Requirement —
Retype, exactly and with nothing added, the lines from the one showing "Family of 5" through the final line of the material. Omit pictures.

Available data —
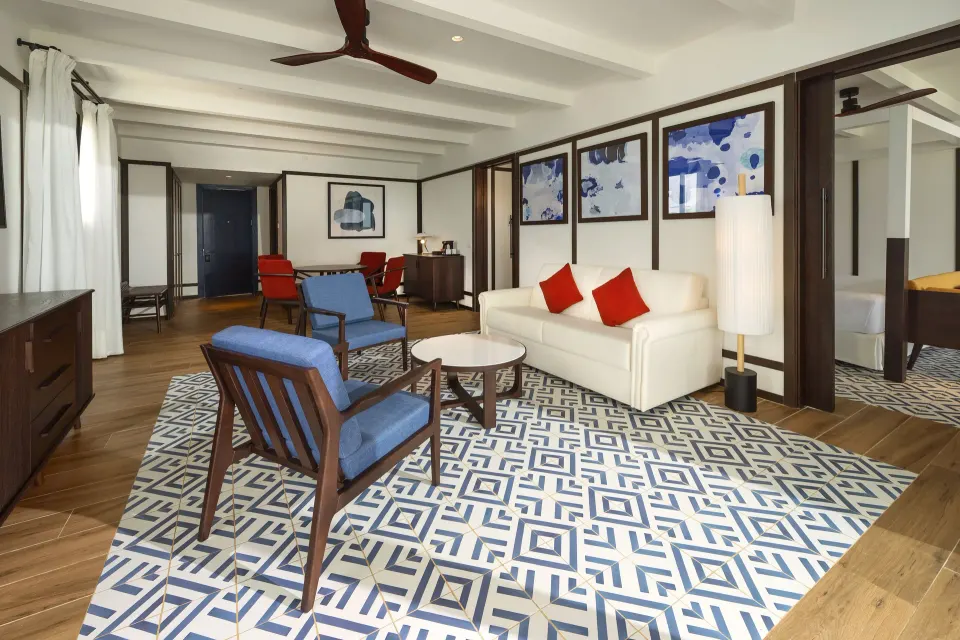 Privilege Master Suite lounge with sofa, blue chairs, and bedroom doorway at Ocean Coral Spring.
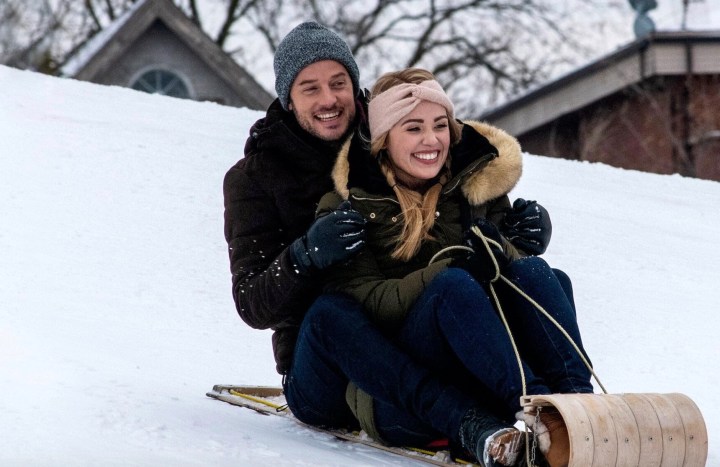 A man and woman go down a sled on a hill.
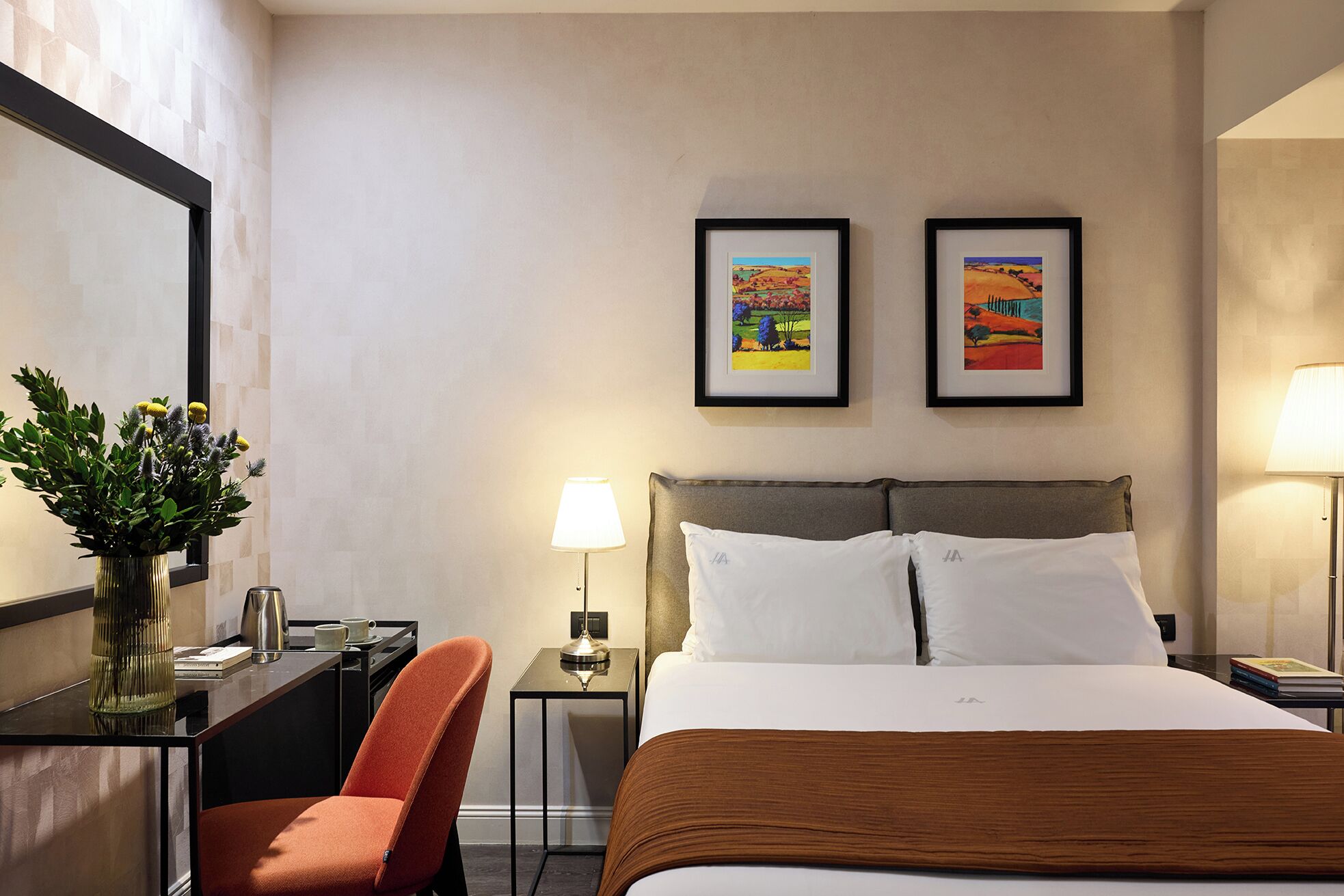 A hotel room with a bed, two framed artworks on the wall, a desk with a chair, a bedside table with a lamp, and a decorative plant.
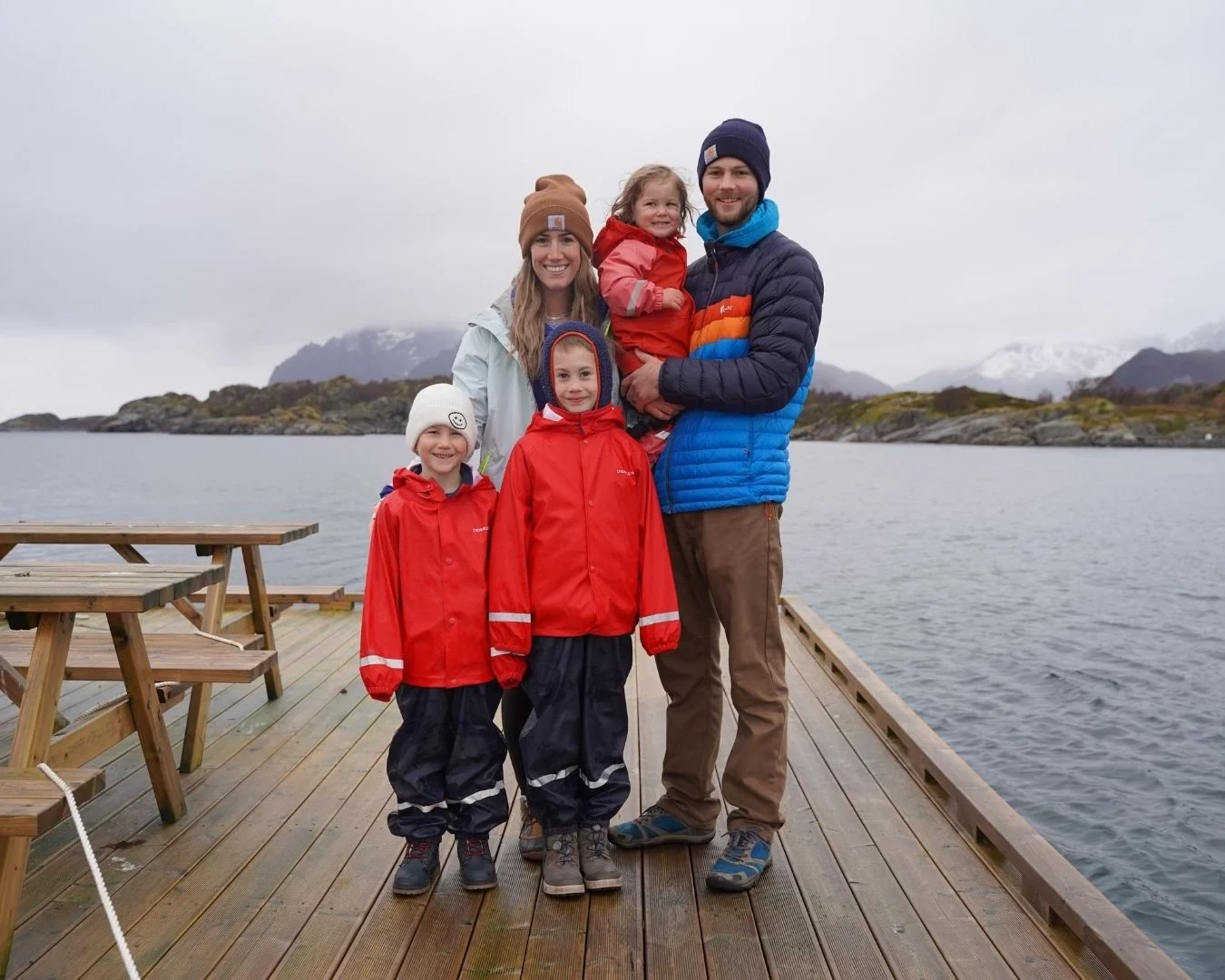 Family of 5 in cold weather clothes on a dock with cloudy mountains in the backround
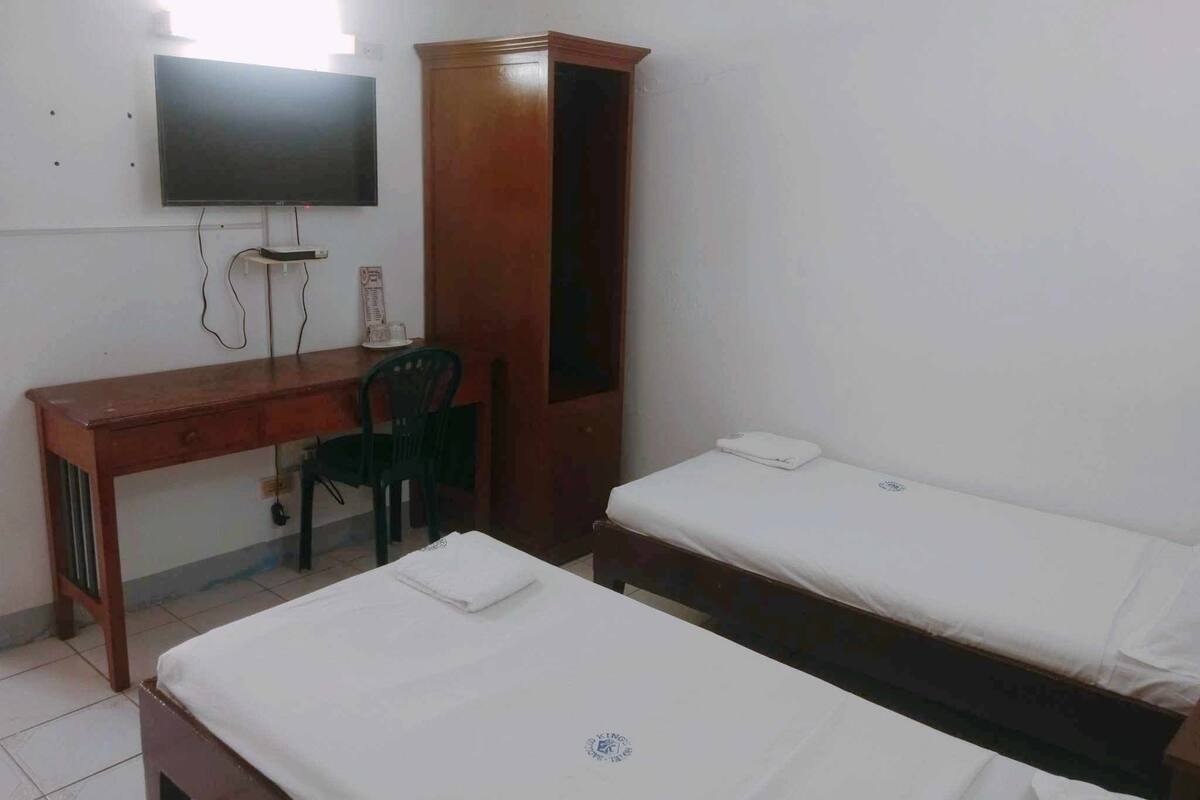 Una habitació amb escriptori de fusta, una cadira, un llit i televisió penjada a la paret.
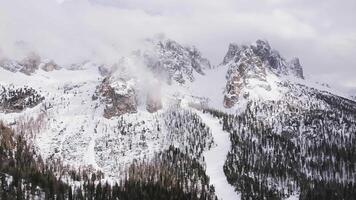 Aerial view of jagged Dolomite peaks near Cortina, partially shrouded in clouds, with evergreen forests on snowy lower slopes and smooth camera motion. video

Solution to this problem —
 Family of 5 in cold weather clothes on a dock with cloudy mountains in the backround
 Una habitació amb escriptori de fusta, una cadira, un llit i televisió penjada a la paret.
 Aerial view of jagged Dolomite peaks near Cortina, partially shrouded in clouds, with evergreen forests on snowy lower slopes and smooth camera motion. video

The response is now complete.